If we consider audiovisual advertising as a whole – television plus online video – we see that it is in fact gaining share of display advertising. Television offers unparalleled capacity to build reach, while online video offers pinpoint targeting and the potential for personalisation of marketing messages. Both are powerful tools for establishing brand awareness and associations. We estimate that audiovisual advertising will account for a record 48.4% of display advertising in 2015, up from 44.1% in 2010, and expect its share to reach 48.9% in 2018.

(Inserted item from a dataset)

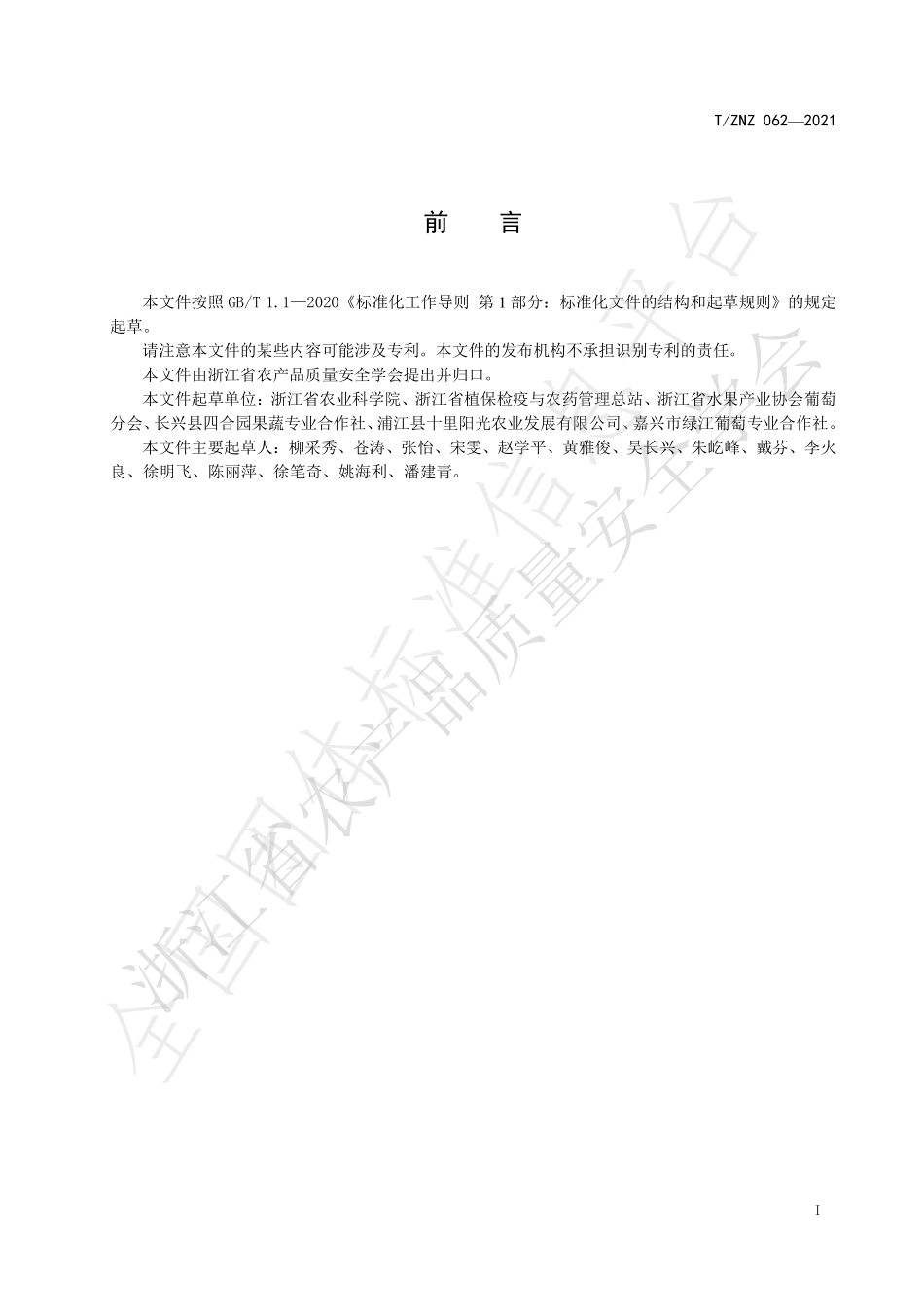 TZNZ 062-2021 葡萄害虫防治技术规范.pdf_第2页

Mobile is now the main driver of global adspend growth. We forecast mobile to contribute a full 87% of all the extra adspend between 2015 and 2018 (again excluding markets where we don’t have a breakdown by medium). Television and desktop internet will be the second and third-largest contributors respectively, accounting for 13% and 6% of new ad expenditure respectively. The gains made by outdoor, radio and cinema will be outweighed by the continued decline of newspapers and magazines, which we expect to shrink by a combined US$10 billion over the forecast period.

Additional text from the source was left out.